We therefore remand the case to the Court of Common Pleas of Lycoming County for a full and complete hearing on the Commonwealth's petition for extension. Appellee must be afforded an opportunity to be heard at that time, and if it is determined that the extension was improperly granted because of the Commonwealth's lack of due diligence, then appellee must be discharged. If, however, the Commonwealth establishes its due diligence and the propriety of granting its petition, the case must then go to trial. See Commonwealth v. Dixon, 262 Pa.Super. 161, 396 A.2d 695 (1978).


[1] The Vehicle Code, Act of June 17, 1976, P.L. 162, No. 81 § 1, 75 Pa.C.S. § 3731.

[2] Pa.R.Crim.P. 1100(a)(2) provides that "[t]rial in a court case in which a written complaint is filed against the defendant after June 30, 1974 shall commence no later than one hundred eighty (180) days from the date on which the complaint is filed."

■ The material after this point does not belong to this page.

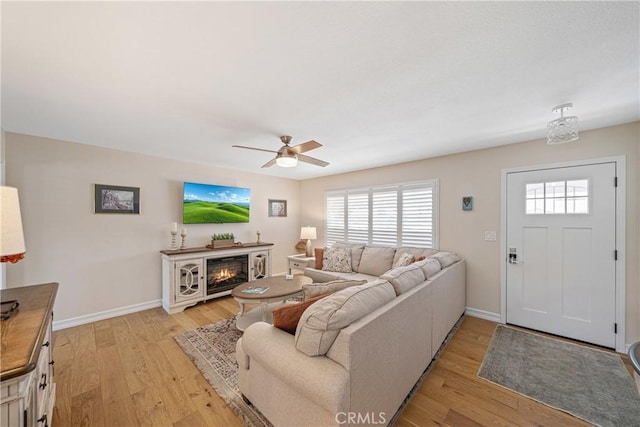 29251 Pebble Beach Dr, Menifee, CA 92586 - living area with plenty of natural light, ceiling fan, and light wood-type flooring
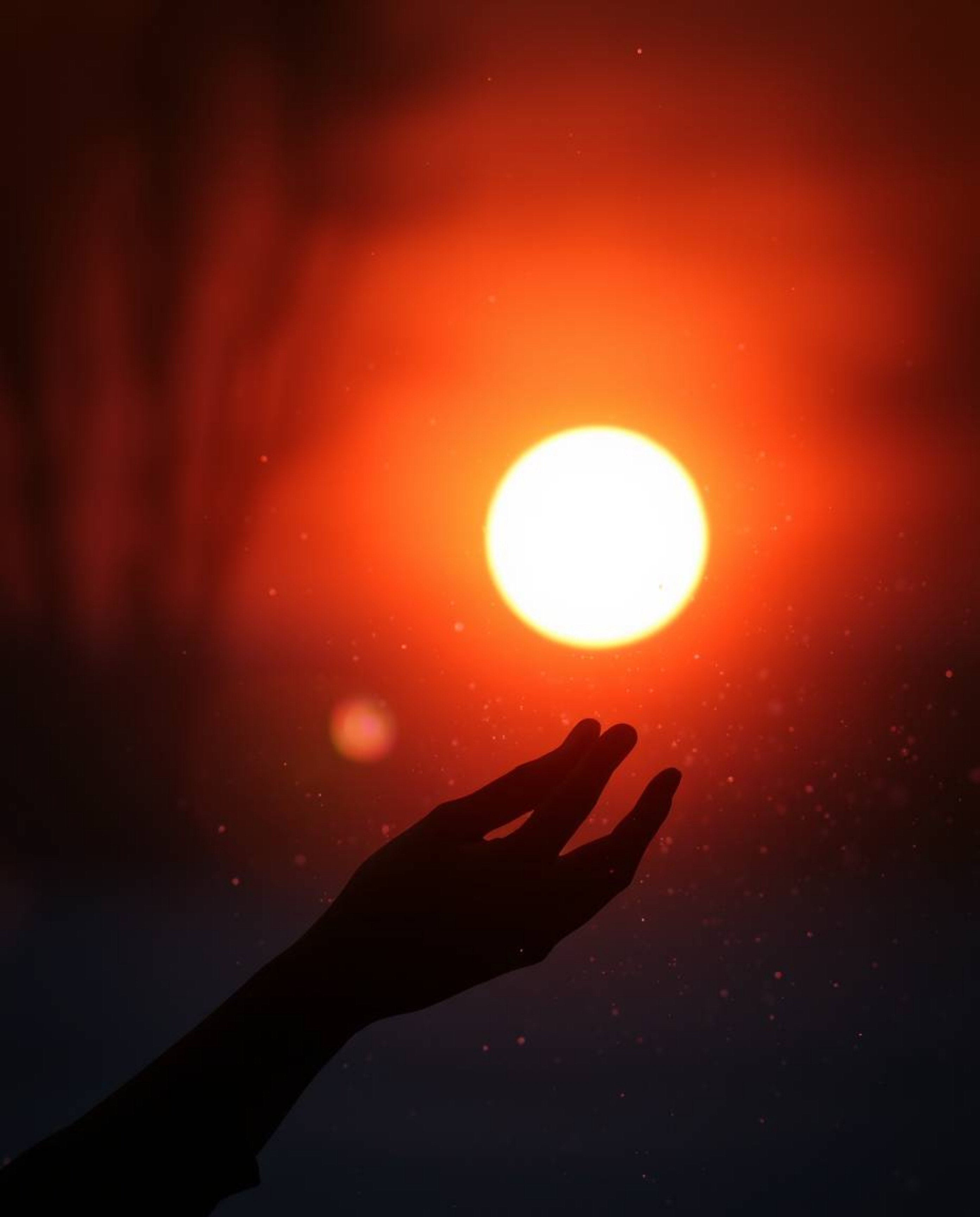 An image with an ethereal and spiritual vibe, depicting snowflakes falling during a vibrant sunset. It features high contrast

[3] Section (d) of Rule 1100 provides that:

"In determining the period for commencement of trial, there shall be excluded therefrom such period of delay at any stage of the proceedings as results from:

(1) the unavailability of the defendant or his attorney;

(2) any continuance in excess of thirty (30) days granted at the request of the defendant or his attorney, provided that only the period beyond the thirtieth (30th) day shall be so excluded[.]"

[4] In this respect, we find that Judge Brown erred by implying that judicial delay does not afford the prosecution a valid reason for obtaining a due diligence extension under Rule 1100.